# Empty Casings- Doucette



## catalyst (23 Mar 2008)

Picked this one up on bookloan from chapters ... wondering if anyone's read it?


----------



## Michael OLeary (23 Mar 2008)

I have seen some excerpts, one is posted here:

http://thercr.ca/individual_submissions/doucette_outside_the_compound.htm


----------



## catalyst (23 Mar 2008)

So far its looking pretty good.  I was about....oh 12 when the bosnian war was going on, so its given me more of an insight as to what was going on.


----------



## manhole (24 Mar 2008)

I picked this book up some weeks ago in Oromocto........I found it very interesting with good insight into PTSD and good advice for those who may be experiencing same.


----------



## catalyst (24 Mar 2008)

Just finished it - 

It was a good read, serious but mixed in with military humor. 

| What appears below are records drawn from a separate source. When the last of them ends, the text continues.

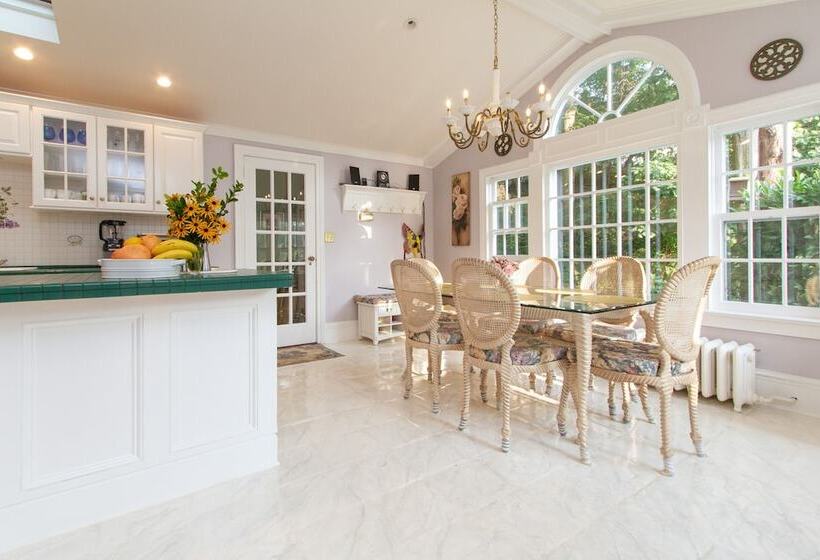 פנסיון The Harbor Rose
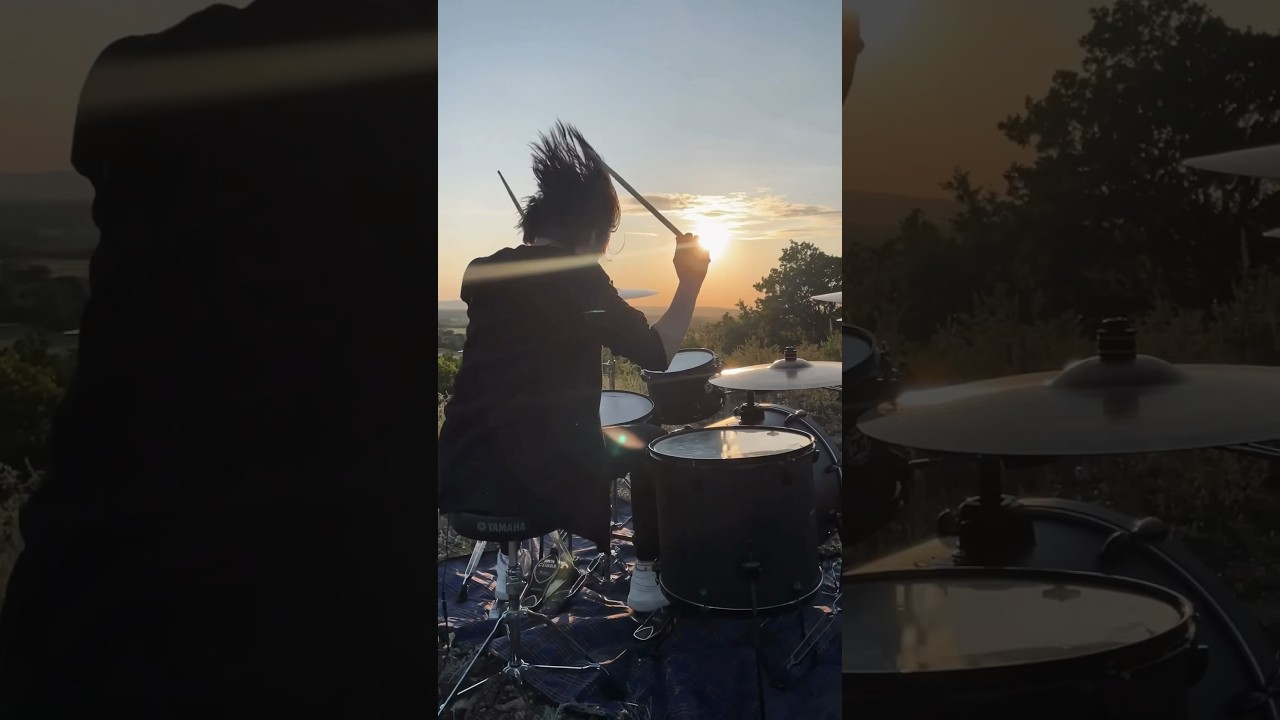 Кусочек песни Rihanna “Umbrella” LIVE (Super Bowl) Drum Cover by RADLEE 🥁 YouTube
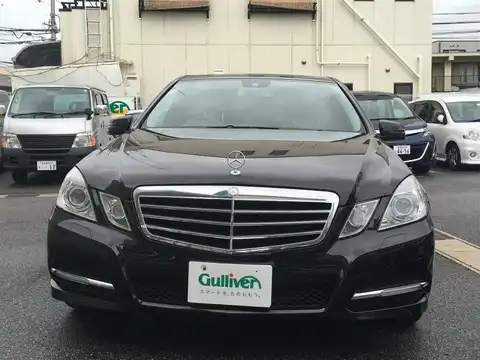 カタログ画像：Ｅクラス （E-CLASS） Ｅ３５０ アバンギャルド 2010年8月 DBA-212056C 3500cc ブラック（Ｓ）orオブシディアンブラック（Ｍ） 燃費9.5km / l フロント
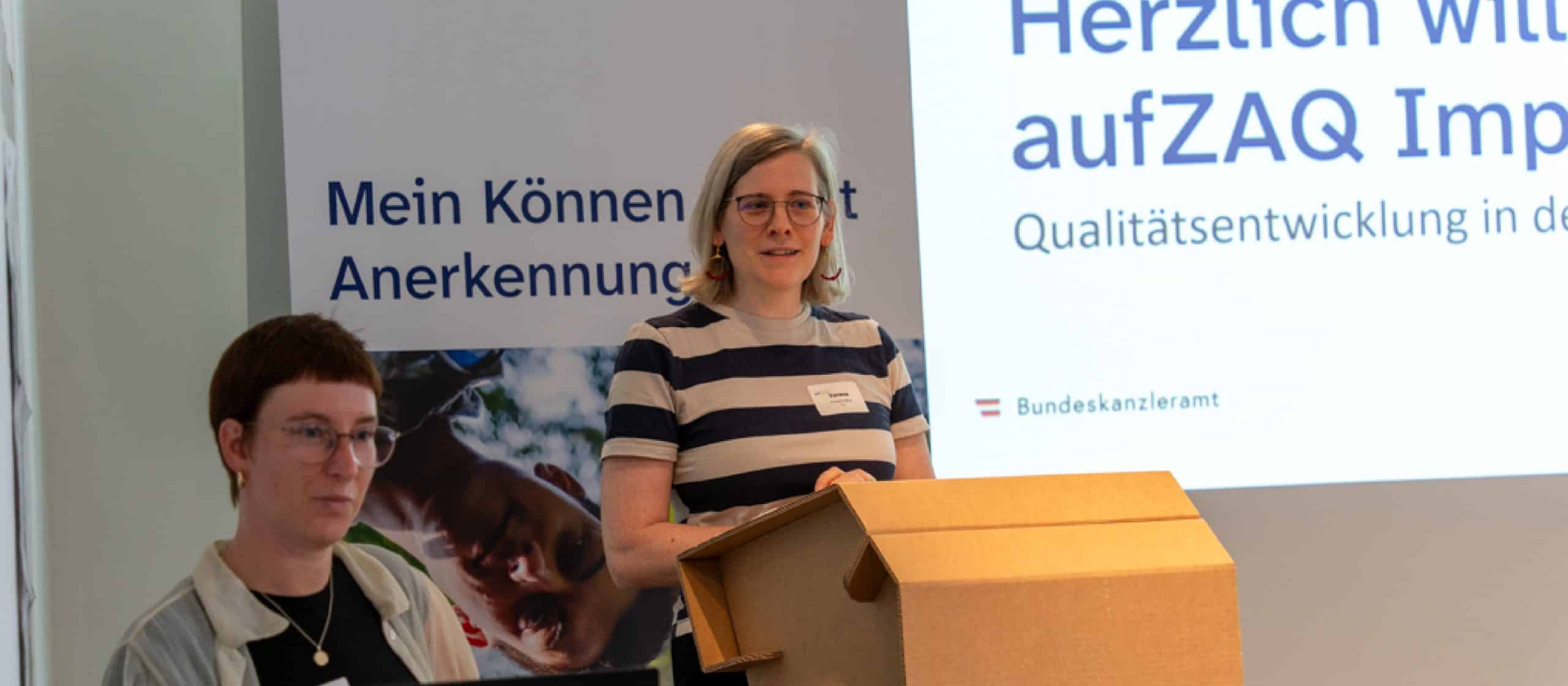 Frau hält Vortrag beim aufZAQ Impuls.Brunch, Bundeskanzleramt.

I recommend it. Good insight into the Bosnian war and the background and effects of PTSD.


----------



## 3rd Horseman (23 May 2008)

Just finished it and I recommend it.
   It is a Great read! Very well written and easy to become absorbed in. It is a good read for those trying to get inside the head of a soldier in Sarajevo acting as an UNMO. Fred sets out the mood and feeling and life of an UNMO in the Summer of 95 and one gets a real feel for the daily life he lived. In particular I liked the take on PTSD that is subtly laid through out the book. 
 My only caution is that one reads this excellent book with the understanding that it is about an UNMOs life in Sarajevo which is only a small piece to a very complicated and much larger YUGO puzzle in the summer of 95. 

3rd Horesmen


----------